I got it by playing with my second last step...

A(1) = 180 + 180*1.12 [i.e. the first year after it is established the initial $180 has been in bank 1 year and then $180 more for the 1st bday]
A(2) = 180*1.12^2 + 180*1.12 + 180
A(3) = 180(1 + 1.12 + 1.12^2 + 1.12^3)
A(16) = 180(1 + 1.12 + ... + 1.12^16)
A(16) = 180{[1(1.12^17 - 1)]/(1.12 - 1)}
A(16) = 8799.06

A(25) = 8799.06 * 1.12^9
A(25) = $24400.49

 

[lyounamu]

Here is my working-out for those who may want to see whether I am wrong or not.

Here we go:

First payment:
180 x 1.12
2nd payment:
180 x 1.12^2 + 180 x 1.12
16th payment:
180 x 1.12 ^16 + 180 x 1.12^15 +...+180

From here, I added them up because the payments stopped here.
S16 = 7695.59047....

BUT we still have some time to go till Jill's 25th birthday (i.e. 9 years)

So... 7695.59047... x 1.12^9 = 21340.47847...

And this is another method that I used to see from a different perspective (but basically same principple):

Using the geometric sum method:

S16 = 180 x 1.12^9 (1.12^16-1)/0.12 = 21340.47847...

 

[veloc1ty]

Yeah you messed up the very first payment. Don't you hate that?

 

[Iruka]

I can see your mistake - you should have seventeen terms to sum, not sixteen, because the mother made the first deposit on the 0th birthday, not the first birthday. In this case, the sum is 8799.061333, not 7695.590476 (according to my computer).

 

[lyounamu]

I can see your mistake - you should have seventeen terms to sum, not sixteen, because the mother made the first deposit on the 0th birthday, not the first birthday. In this case, the sum is 8799.061333, not 7695.590476 (according to my computer).

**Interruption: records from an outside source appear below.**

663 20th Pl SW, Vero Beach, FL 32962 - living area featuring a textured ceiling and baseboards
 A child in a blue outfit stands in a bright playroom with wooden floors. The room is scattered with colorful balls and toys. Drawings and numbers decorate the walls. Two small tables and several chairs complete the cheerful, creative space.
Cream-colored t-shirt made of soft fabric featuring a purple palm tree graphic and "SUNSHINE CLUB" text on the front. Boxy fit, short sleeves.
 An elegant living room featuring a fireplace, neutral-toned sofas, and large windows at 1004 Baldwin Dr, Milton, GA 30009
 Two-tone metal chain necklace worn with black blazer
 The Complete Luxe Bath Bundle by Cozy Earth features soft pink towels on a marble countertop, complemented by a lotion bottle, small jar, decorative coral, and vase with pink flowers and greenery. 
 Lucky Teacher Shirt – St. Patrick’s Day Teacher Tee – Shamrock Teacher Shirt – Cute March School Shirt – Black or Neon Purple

I thought 1st birthday = birth

 

[veloc1ty]

Assume "16th birthday" to be the day she is 16, not the 16th one including the actual birth day.

 

[lyounamu]

Assume "16th birthday" to be the day she is 16, not the 16th one including the actual birth day.

Yeah, my mistake.

 

[lyounamu]

http://www.boredofstudies.org/courses/maths/2u/2001_Maths2_T_Manly_q.pdf

Please look at Q 5(a).

For that question, do we just find the approximate area for both and subtract each other?


And please quickly do Q4(c). It only takes 5 minutes to complete. See if your answer is 579 for the approximate area. Thanks~

 

[lyounamu]

Is there anyone to look at the questions I queried?

 

[lyounamu]

yep




i get 508. just divide the area into 4 seperate trapeziums and calculate the area of each.

A ~ 10(d1 + d2)/2 + 10(d2 + d3)/2 + 10(d5 + d4)/2 + 10(d5 + d6)/2

I see what you did, thanks. I actually solved in 2 ways:

one way as in the strip
and in the other way that you implemented and I got different answers so I wasn't sure. Thanks for confirming that!!!